Chaleur résiduelle

L’exploitation de la chaleur résiduelle

L’idée d’utiliser la chaleur résiduelle (appelée aussi chaleur fatale) pour couvrir les besoins en chauffage et en eau chaude n’est pas nouvelle. En effet, les installations de chauffage à distance jouissaient d’une certaine notoriété dans les années 1960 et 1970, où elles exploitaient des sources de chaleur à haute température. Le développement des pompes à chaleur a permis plus tard d’exploiter la chaleur à plus basse température, ouvrant un potentiel plus grand avec des sources diversifiées. Aujourd’hui, les « chaleurs perdues » ne sont plus une option de la transition énergétique, elles en sont un élément-clé.

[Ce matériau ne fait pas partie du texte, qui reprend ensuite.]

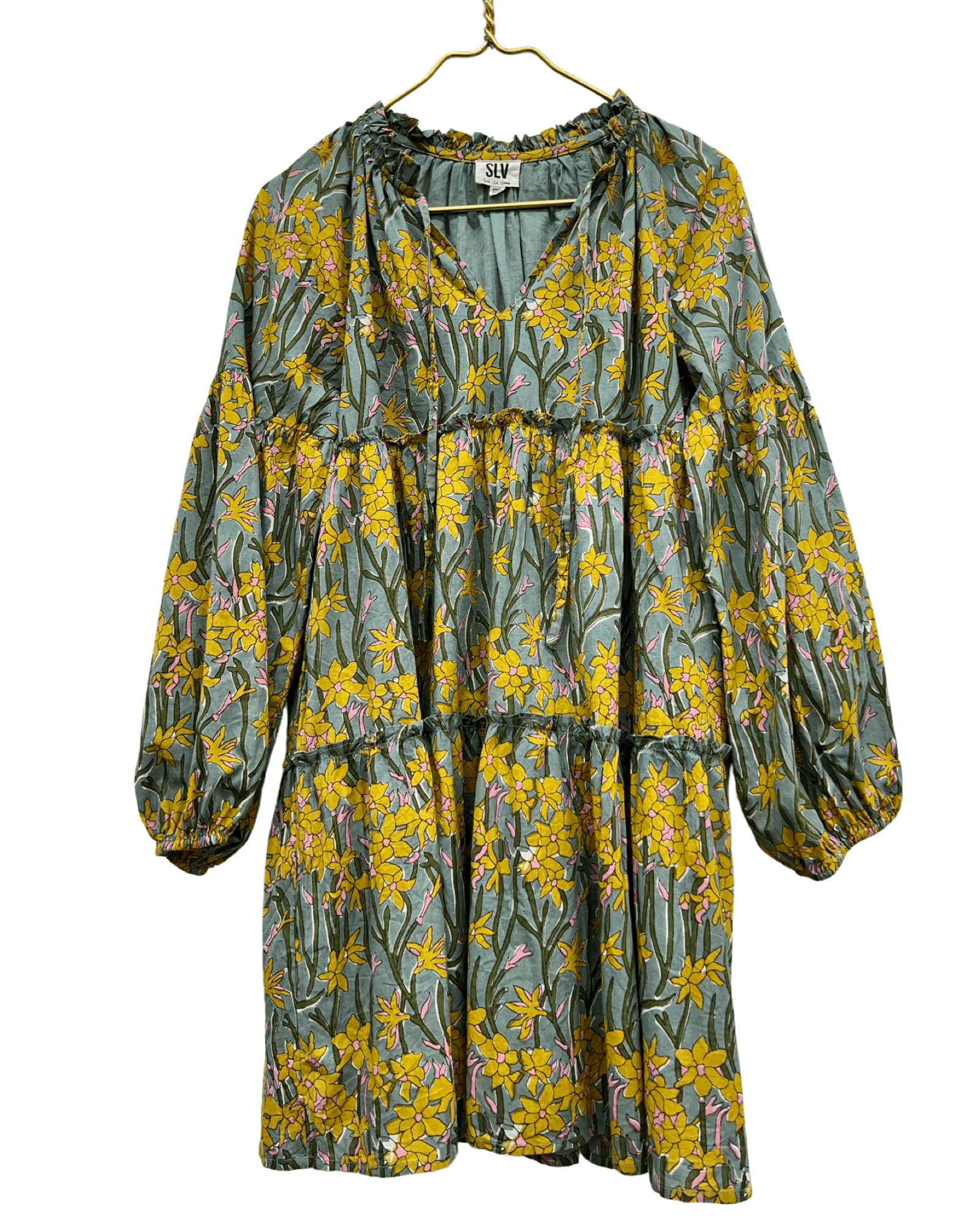 Reed Ruffle Mini Dress - Sur La Vague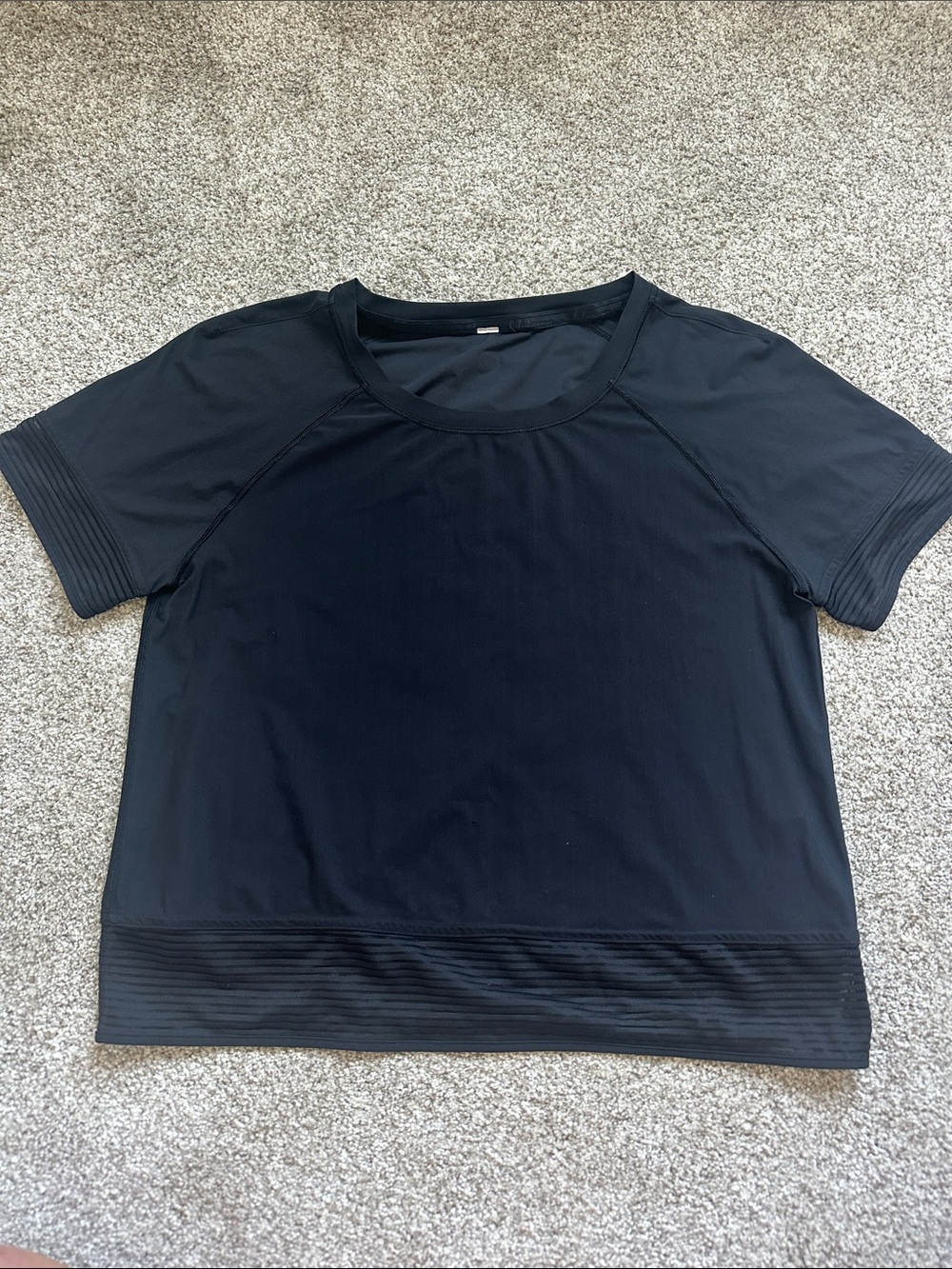 lululemon athletica Black Short Sleeve Performance Tee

La récupération de la chaleur fatale est l’opportunité, pour les entreprises industrielles notamment, de faire des économies et de réduire la facture d’énergie. Les chaleurs perdues peuvent en effet être valorisées soit en interne (pour répondre aux besoins de chaleur de l’entreprise), soit en externe (pour couvrir les besoins d’autres entreprises ou, plus largement, d’un territoire grâce à un système de réseau de chaleur).
Remplacer les énergies fossiles pour le chauffage est sans conteste une question de bon sens. Pourtant, chaque jour, des entreprises et des industries laissent une précieuse source d’énergie thermique s’échapper. Grâce à des mesures ciblées, vous pouvez réaliser d’importantes économies d’énergie et de coûts.

Un potentiel encore grand

Selon SuisseEnergie, le programme d’encouragement de la Confédération en matière d’énergie renouvelable et d’efficacité énergétique, la Suisse dispose de plus d’un millier de réseaux thermiques qui fournissent – selon des indications qui peuvent diverger – entre 6 et 8 TWh de chaleur par an, couvrant ainsi environ 6 à 8% des besoins en chaleur dans notre pays (chiffres 2021). Et selon les « Perspectives Energétiques 2050+ » de l’OFEN, la consommation de chaleur à distance augmentera en particulier dans les ménages privés, où elle triplera pratiquement d’ici à 2050. Elle doublera pratiquement dans le secteur des services pendant la même période alors qu’elle restera à son niveau actuel ans le secteur de l’industrie.
En décembre 2021, le Conseil fédéral a quant à lui adopté le rapport « Potentiel des installations de chauffage et de refroidissement à distance », qui fait suite à un postulat déposé deux ans plus tôt. Il y évoque le potentiel réalisable sur les plans économique et de l’aménagement du territoire pour un approvisionnement en chaleur à distance exempt de CO2 et il est grand : entre 17 et 22 TWh par an. « À l’heure actuelle, ce potentiel n’est, au plus, utilisé qu’à moitié. Le développement des réseaux thermiques doit par conséquent être considérablement renforcé et accéléré. » Le Conseil fédéral recommande en outre aux communes, dans le cadre de leur planification énergétique, d’envisager la désaffectation de conduites de gaz et le développement de réseaux thermiques en collaboration avec les entreprises d’approvisionnement en énergie, afin d’éviter une concurrence entre infrastructures d’approvisionnement en chaleur et des investissements inappropriés. Le Conseil fédéral est désormais chargé d’étudier la situation en collaboration avec les acteurs de la branche, afin de rendre compte des obstacles réglementaires, de clarifier la répartition des tâches (Confédération/canton/communes), d’esquisser les plans d’actions et d’évoquer les améliorations possibles du système actuel.

Où récupérer la chaleur ?

La température d’un rejet de chaleur peut varier de plusieurs centaines de degrés à une température proche de celle de l’environnement. La méthode de valorisation sera donc différente d’une situation à l’autre, pouvant aller d’une turbine à vapeur à une pompe à chaleur en passant par un échangeur de chaleur. Quoi qu’il en soit, les rejets de chaleur sont inévitables, car liés à la physique de certains processus.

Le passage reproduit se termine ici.